We need to know numerical techniques!

Eigenanalysis

In general, a matrix acts on a vector by changing both its magnitude and its direction.
However, a matrix may act on certain vectors by changing only their magnitude, and leaving their direction unchanged (or reversing it).
- these vectors are the eigenvectors of the matrix
- the scaling factor is the eigenvalue.

Example

Think about the linear transformation \(\mathbf{y} = \mathbf{A}\mathbf{x}\), where

\[\mathbf{A} = \left(\begin{array}{cc} 2 & 0\\ 0 & 0 \end{array}\right),~\mathbf{x} = \left(\begin{array}{c} \cos\theta \\ \sin\theta \end{array}\right),~\mathbf{y} =\left(\begin{array}{c} y_1 \\ y_2 \end{array}\right).\]

What is its geometric interpretation?
What happens when \(\theta = \frac{\pi}{4}\)?
When \(\theta = \frac{\pi}{2}\)?
When \(\theta = 0\)?

Example

What if \(\mathbf{A}\) is not diagnal?
How to find its eigenvalues and eigenvectors?
If \(\mathbf{A}\) is a real symmetric matrix
- Only real eigenvalues
- \(n\) distinct linearly independent eigenvectors
- pairwise orthogonal
- \(\mathbf{A = Q\Lambda Q^T}\)
When \(A\) is diagonalisable?
If a diagonalisation doesn't exist, there is always a triangularisation via Schur Decomposition: \(\mathbf{A = QSQ^T}\).
Let us revisit together the properties of eigenvalues and eigenvectors.

What does eigenanalysis help to do?

Let's try to understand what \(\mathbf{Ax} = \lambda \mathbf{x}\) is really asking.
Can we find a pair of \(\lambda\) and \(\mathbf{x}\) such that when a matrix \(\mathbf{A}\) is applied to \(\mathbf{x}\), it doesn't change the direction and just scales the vector?
If we can find such a pair, then everytime we do something with \(\mathbf{Ax}\) in some mathematical operation, we can replace it with \(\lambda \mathbf{x}\).
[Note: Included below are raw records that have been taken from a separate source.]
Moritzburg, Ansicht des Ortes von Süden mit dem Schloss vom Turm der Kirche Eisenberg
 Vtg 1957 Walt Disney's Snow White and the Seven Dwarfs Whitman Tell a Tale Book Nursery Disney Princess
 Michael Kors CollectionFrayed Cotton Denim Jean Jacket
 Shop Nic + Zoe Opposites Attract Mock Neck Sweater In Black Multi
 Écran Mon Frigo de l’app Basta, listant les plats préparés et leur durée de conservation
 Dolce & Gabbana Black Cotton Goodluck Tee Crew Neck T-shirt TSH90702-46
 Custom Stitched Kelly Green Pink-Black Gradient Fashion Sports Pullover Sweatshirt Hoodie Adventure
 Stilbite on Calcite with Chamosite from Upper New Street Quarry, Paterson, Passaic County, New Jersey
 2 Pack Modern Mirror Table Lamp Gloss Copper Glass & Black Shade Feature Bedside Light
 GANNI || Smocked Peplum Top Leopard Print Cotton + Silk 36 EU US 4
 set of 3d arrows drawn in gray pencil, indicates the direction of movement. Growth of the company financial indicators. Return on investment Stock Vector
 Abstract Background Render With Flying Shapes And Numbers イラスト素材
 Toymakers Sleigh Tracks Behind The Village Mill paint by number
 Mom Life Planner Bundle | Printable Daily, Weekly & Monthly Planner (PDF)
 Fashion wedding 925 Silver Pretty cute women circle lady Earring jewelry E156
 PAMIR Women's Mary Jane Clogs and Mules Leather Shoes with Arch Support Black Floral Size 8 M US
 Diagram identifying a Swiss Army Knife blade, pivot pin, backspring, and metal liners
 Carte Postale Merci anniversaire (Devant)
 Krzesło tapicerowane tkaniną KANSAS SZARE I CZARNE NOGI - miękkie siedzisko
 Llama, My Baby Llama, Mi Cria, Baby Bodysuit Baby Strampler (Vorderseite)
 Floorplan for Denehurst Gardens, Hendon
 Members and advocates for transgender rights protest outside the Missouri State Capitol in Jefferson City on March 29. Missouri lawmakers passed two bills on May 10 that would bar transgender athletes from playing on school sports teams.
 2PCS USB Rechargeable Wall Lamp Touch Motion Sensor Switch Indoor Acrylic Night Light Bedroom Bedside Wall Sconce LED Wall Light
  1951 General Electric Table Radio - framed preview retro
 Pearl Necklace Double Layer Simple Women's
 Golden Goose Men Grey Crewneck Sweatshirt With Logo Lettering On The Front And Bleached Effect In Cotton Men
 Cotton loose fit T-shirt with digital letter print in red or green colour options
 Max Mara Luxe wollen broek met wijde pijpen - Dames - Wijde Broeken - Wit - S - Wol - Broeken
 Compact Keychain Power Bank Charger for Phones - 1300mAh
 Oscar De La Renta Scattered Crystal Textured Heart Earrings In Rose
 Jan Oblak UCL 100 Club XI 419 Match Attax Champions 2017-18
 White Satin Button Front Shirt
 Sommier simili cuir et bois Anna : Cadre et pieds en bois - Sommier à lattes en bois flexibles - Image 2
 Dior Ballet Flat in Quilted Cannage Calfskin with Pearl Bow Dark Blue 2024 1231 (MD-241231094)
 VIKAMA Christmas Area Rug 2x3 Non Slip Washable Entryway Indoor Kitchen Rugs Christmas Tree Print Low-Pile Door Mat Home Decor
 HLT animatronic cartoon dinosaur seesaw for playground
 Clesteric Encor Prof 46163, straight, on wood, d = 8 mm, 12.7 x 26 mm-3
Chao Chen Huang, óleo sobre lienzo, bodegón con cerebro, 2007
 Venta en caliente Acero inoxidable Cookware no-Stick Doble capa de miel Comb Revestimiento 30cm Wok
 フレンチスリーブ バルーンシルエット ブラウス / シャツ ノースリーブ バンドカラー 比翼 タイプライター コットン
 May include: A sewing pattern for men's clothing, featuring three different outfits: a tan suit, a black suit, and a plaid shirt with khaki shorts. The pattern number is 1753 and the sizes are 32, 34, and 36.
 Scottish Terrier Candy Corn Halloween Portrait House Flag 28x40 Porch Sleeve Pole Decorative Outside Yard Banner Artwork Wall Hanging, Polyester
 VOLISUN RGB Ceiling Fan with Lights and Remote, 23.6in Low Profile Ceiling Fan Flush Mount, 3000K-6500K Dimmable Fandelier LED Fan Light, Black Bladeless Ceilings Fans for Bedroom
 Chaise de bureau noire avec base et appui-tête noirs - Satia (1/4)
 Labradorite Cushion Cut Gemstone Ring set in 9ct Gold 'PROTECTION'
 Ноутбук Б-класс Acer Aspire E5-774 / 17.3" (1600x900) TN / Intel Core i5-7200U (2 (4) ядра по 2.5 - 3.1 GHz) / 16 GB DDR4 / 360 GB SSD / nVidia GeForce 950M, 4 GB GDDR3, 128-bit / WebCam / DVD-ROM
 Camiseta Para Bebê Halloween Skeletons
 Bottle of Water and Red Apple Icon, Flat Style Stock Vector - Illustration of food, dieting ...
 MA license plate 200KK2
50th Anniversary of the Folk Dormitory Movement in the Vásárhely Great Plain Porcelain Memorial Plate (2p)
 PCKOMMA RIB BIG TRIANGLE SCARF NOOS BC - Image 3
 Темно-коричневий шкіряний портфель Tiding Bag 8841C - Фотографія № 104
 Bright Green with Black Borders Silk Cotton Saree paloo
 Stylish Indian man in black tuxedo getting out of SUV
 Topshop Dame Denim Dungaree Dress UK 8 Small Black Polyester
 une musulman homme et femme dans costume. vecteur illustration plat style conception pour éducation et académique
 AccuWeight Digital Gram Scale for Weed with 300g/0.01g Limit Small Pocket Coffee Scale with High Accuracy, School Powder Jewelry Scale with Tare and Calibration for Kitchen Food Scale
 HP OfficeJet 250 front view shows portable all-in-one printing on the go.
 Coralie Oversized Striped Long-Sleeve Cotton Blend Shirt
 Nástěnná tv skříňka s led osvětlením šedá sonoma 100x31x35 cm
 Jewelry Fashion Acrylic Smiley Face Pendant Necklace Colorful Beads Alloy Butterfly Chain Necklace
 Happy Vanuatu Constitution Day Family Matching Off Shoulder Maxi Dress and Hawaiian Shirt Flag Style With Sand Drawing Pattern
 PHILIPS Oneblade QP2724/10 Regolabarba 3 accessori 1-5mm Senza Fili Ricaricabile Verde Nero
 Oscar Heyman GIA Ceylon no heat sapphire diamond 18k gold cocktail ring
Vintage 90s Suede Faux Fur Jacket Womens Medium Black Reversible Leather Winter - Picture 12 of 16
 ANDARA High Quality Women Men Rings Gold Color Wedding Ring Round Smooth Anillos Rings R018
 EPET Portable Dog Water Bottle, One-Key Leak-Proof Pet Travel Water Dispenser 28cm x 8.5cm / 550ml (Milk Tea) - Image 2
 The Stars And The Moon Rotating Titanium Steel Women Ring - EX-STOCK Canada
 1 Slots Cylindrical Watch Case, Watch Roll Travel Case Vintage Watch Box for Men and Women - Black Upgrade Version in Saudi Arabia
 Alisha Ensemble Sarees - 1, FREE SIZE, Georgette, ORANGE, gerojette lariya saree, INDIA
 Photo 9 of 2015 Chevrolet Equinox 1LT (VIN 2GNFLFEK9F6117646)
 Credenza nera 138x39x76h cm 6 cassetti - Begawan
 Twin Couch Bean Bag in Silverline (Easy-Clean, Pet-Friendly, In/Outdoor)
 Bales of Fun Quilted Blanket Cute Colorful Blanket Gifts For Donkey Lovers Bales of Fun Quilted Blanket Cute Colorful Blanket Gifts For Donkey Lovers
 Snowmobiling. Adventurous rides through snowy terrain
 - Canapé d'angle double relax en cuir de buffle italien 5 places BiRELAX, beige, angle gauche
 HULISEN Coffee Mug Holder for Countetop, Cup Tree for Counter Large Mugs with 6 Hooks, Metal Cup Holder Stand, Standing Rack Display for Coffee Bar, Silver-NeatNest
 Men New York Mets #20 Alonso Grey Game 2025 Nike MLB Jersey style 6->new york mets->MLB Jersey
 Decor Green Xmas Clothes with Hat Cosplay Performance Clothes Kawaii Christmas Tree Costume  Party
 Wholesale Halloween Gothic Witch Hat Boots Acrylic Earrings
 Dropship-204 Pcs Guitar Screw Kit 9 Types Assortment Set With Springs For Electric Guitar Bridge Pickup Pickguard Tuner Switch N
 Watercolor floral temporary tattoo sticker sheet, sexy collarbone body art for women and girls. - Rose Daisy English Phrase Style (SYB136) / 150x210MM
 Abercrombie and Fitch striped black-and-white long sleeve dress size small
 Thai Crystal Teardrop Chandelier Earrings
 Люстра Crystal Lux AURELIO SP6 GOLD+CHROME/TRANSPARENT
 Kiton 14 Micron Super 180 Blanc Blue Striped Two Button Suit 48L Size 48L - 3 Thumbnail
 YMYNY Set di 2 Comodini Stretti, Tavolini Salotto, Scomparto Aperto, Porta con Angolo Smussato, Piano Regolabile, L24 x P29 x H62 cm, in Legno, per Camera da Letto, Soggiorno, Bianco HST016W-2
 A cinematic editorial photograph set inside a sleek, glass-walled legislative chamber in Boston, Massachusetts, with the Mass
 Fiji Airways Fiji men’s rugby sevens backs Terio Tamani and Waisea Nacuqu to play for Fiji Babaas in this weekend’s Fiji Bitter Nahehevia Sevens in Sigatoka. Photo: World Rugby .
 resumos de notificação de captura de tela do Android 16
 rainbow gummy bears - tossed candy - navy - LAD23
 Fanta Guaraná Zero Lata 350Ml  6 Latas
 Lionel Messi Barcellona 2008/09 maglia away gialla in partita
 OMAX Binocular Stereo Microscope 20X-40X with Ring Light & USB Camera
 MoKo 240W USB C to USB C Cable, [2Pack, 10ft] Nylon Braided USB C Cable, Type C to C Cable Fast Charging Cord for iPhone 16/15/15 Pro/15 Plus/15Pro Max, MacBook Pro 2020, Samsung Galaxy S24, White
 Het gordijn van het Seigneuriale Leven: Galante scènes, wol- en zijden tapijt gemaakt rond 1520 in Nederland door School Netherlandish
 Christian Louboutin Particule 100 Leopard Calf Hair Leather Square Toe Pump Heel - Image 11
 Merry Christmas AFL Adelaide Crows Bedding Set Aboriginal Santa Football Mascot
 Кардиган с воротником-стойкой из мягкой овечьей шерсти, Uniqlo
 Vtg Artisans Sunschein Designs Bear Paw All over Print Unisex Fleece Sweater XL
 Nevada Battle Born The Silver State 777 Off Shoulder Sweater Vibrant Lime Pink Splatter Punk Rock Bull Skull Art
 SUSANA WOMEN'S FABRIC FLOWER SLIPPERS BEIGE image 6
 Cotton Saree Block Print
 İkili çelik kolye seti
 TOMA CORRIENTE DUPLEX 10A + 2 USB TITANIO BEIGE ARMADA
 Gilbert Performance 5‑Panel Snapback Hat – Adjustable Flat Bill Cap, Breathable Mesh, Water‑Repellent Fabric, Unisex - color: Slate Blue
What does eigenanalysis help to do?

Consider \(\mathbf{A} = \left(\begin{array}{cc} 5 & -1\\ -2 & 4 \end{array}\right)\) and \(\mathbf{x} = \left(\begin{array}{c} 1 \\ -1 \end{array}\right)\).
- what if we now want to calculate \(\mathbf{A^{20}x}\)?
- what if we now want to calculate \(\mathbf{A^{-1}x}\)?
Computationally, we would rather work with scalars than matrices and this is what eigenanalysis helps us do.
But what if we are not lucky enough to be asked to multiply a matrix by one of its eigenvectors?

Advantages of eigenanalysis

It enables us to replace a matrix with a scalar when we have the opportunity to change our coordinate system to the eigenvectors of a matrix.
We can express any vector in terms of this new coordinate system.
We can use the fact that \(\mathbf{Ax} = \lambda \mathbf{x}\) to simplify calculations.

Application of Eigenanalysis: Google

How to know page rank?

How does the search engine know which pages are the most important?
Google assigns a number to each individual page, expressing its importance.
This number is known as the PageRank and is computed via the eigenvalue problem \(Aw = \lambda w\), where \(A\) is based on the link structure of the Internet.

Google's pagerank

Suppose we have a set of webpages \(W\), with \(|W|=n\) as the number of webpages.
We define a connectivity (adjacency) matrix \(A\) as follows: \(A_{i,j}\) is 1 if there is a hyperlink from page \(i\) to page \(j\) and 0 otherwise.
Typically \(A\) is huge (27.5 billion x 27.5 billion in 2011), but extremely sparse (lots of zero values)

A small example

Consider the small set of five webpages.
The connectivity matrix is \[A = \left(\begin{array}{ccccc} 0 & 1 & 0 & 1 & 1\\ 0 & 0 & 1 & 1 & 1\\ 1 & 0 & 0 & 1 & 0\\ 0 & 0 & 0 & 0 & 1\\ 0 & 0 & 1 & 0 & 0 \end{array}\right)\]

A small example

The ranking of page \(i\) is proportional to the sum of the rankings of all pages that link to \(i\): \(r_4 = \alpha(r_1 + r_2 + r_3)\).
So this is a system of \(n =5\) linear equations: \[r = \alpha A^T r, ~\text{or}~A^T r = (1/\alpha) r.\]
The ranking vector is treated like a probability of relevance, so we need to then rescale so that \(\Sigma_{i=1}^n = 1.\)
Go to R and compute pageranks.

What you need to realise for now

Finding the eigenvalues and eigenvectors of a massive matrix is computationally challenging though (don’t try to solve the characteristic polynomial!)
and you will learn numerical techniques later.